Both productions are set in the inner city. You know that because rusty zinc fences and sparse, beat-up furniture feature prominently in their sets. Though having that commonality, the playwrights diverge in their approaches to the adverse conditions.
Ginger Knight encourages us to laugh with his comedy Boy Blue (at Theatre Place, Haining Road). Dahlia Harris (who wrote, directed, produced and acts in her play) has a title, God's Way 2: Carlton's Redemption, which indicates the path she thinks we should take: "God will take care of you".
CORRUPT BOYS IN BLUE
Knight's characters are definitely not ones to emulate. All are corrupt, even the title character Boy Blue, a 'blue seam' policeman (played by Oliver Samuels, who also directs and produces the show). The other characters are Hyacinth (Audrey Reid), Precious (Melisha Holness), Bella Speed (Dennis Titus) and Stanley (Dean Martin).
The two men are professional thieves; the women, who depend on them, are receivers of stolen goods. That makes the inner-city yard in which they operate a veritable den of thieves.
It is unusual - even unprecedented - for all the characters in a Jamaican play to be criminals. Playwrights (and in fact writers generally) find it useful to mix 'good guys' with 'bad guys' and give us a chance to identify with the former. But Knight, clever playwright that he is, avoids the tried and true and still makes Boy Blue entertaining.
His characters, though criminal, are not evil; they do not repulse us. On the contrary, because they are very human, with needs and desires just like us, we find it easy to empathise with them in their difficulties. Besides, they are funny, and as we laugh - not only at, but with them - we are further pulled into their lives.
There is only one dyed-in-the-wool criminal, Kayla (Nadean Rawlins) in God's Way 2, the sequel to Harris' award-winning God's Way. The other characters are consciously trying to stay on the straight and narrow, though the title character Carlton (Carl Samuels) slips and slides a bit.

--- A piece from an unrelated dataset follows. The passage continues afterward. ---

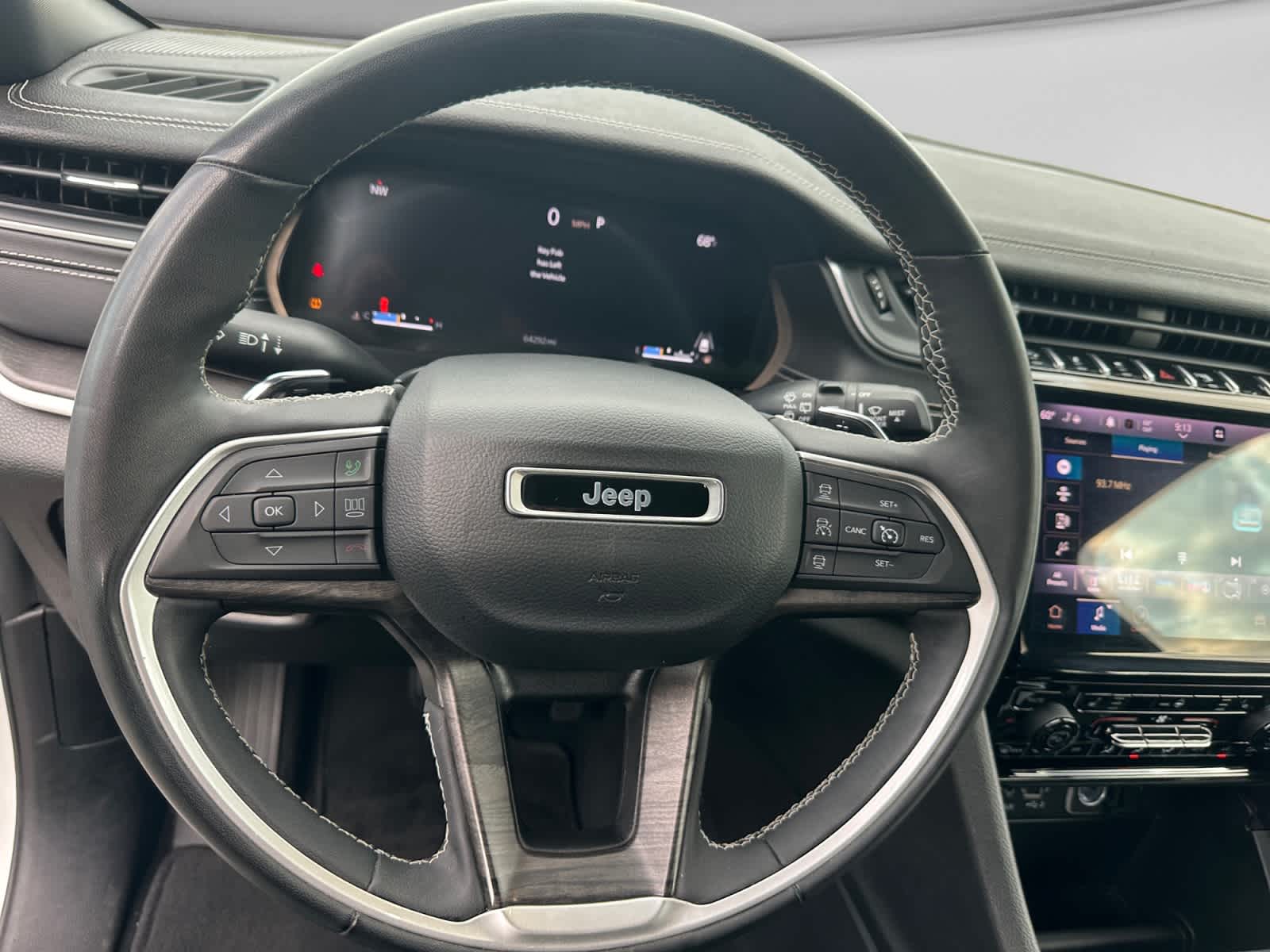 Used 2024 Jeep Grand Cherokee SUV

The playwright engineers Carlton's redemption in a fashion that is dramatically unsatisfying - through prayer. The technique is a version of one used in some plays of ancient Greece, called deus ex machina. Meaning "the god from the machine", the phrase refers to the practice of transporting a god character into the final scene by means of a crane (the machine) so that he can solve some human problem. It is used figuratively nowadays to refer to the arbitrary entrance of some force or person external to the main plot to solve a problem.

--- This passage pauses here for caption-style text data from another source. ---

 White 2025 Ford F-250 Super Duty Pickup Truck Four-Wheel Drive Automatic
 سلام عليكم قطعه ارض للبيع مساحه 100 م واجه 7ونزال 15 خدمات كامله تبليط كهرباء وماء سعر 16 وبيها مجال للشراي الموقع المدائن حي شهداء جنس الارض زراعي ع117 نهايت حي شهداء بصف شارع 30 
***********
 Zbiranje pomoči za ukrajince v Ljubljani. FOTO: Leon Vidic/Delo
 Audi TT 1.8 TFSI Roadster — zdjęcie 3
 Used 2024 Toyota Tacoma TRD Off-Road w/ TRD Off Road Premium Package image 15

Orthodox drama has characters solving their own problems; that's how audiences can learn. But God's Way and God's Way 2 are explicitly 'gospel dramas' and, in those plays, audiences find it satisfying to have prayer alone solve problems. So Sunday night's audience cheered when Carlton - after struggling for nearly two hours with his problems - falls to his knees, prays for two minutes and is suddenly, unexpectedly, released from his bondage (in the form of Kayla).
The next and final scene is pure sweetness and light. Carlton is problem-free and having a pleasant meal with his previously unhappy wife, Valerie (Harris), and Deacon (Ainsley Whyte). If those cheering were thinking like critics, they might have wondered why Carlton hadn't asked for God's help earlier and saved himself and Valerie weeks of distress.
Non-gospel drama audiences must hope that Harris doesn't confine herself to that type of theatre. Despite its name, her first play, Judgement, was not one. However, according to the printed programme for God's Way 2, Harris has embarked on annual gospel productions. Since the wicked Kayla was not in prison at the end of God's Way 2, maybe there'll be a God's Way 3.
The mission statement for Harris' company, DMH Productions, gives the general theatre public hope. It speaks of developing and presenting "high-quality contemporary theatre services (that) "enrich the culture and lifestyle of the Caribbean community," supporting "creative, relevant, and exciting theatre activity", the training and exposure of arts professionals, and celebrating "the essential power of the theatre to illuminate our common humanity".
Nary a word there about annual gospel productions. But can Harris, if she is going to continue to produce, direct and act in her plays, find time to write more than one play a year?
Jamaica did have one other multi-talented theatre practitioner who tried writing, producing, directing and, occasionally, acting in his own plays twice a year. But he only lasted a decade or so before he threw in the towel.
Before she spreads herself too thin, Harris should have a talk with Balfour Anderson.